- Born: July 28, 1977 (age 49) Qixing District, Guilin, Guangxi, China
- Education: Communication University of China
- Occupation: Host
- Years active: 1999–2020 2023–present
- Television: Xinwen Lianbo
- Awards: Golden Mike Award 2007 Golden Eagle Award for Best Programme Host 2008

= Ouyang Xiadan =

Chinese news anchor

Ouyang Xiadan (欧阳夏丹 (歐陽夏丹, Ōuyáng Xiàdān); born 28 July 1977) is a former Chinese news anchor best known for her tenure at China Central Television (CCTV) from 2003 to 2020. She won the Golden Mike Award in 2007 and the Golden Eagle Award for Best Program Host in 2008. She was forcibly disappeared in 2020, reportedly due to ties with Sun Lijun, and reemerged on social media in 2023.

==Biography==
Ouyang was born in July 1977 in Qixing District of Guilin, Guangxi. She graduated from Guilin High School as her city's top liberal arts student in the gaokao and was admitted to the Communication University of China in 1995, where she majored in broadcasting and graduated in 1999. Upon graduation, she declined a guaranteed postgraduate placement at the university and instead began her career at Shanghai Television, where she anchored the Shanghai Morning and Evening News for four years.
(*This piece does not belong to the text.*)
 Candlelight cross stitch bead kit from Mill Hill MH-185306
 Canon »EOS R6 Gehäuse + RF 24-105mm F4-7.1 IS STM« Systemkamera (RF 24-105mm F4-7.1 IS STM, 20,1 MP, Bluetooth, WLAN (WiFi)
In 2003, she joined CCTV, where she anchored the morning show First Time between 2003 and 2009. She was also one of the hosts of the CCTV New Year's Gala in 2010. From August 8, 2011, to April 28, 2020, she co-anchored Xinwen Lianbo, China's most prominent news program, before disappearing from public view, reportedly due to an investigation into her connections with disgraced official Sun Lijun. She reemerged after three years on January 1, 2023, with a post on Douyin, and began working as a part-time instructor at a training academy specializing in preparing high school students for China's university entrance exams in broadcasting and performing arts. In June of that year, CCTV removed her name from its list of anchors. In 2024, she launched accounts on Bilibili and WeChat Video.

==Works==

===Television===
- Evening News (新闻夜线)
- Shanghai Morning (上海早晨)
- First Time (第一时间)
- Focus on (共同关注)
- Xinwen Lianbo (新闻联播)

==Awards==
- First Time - 2007 Golden Mike Award.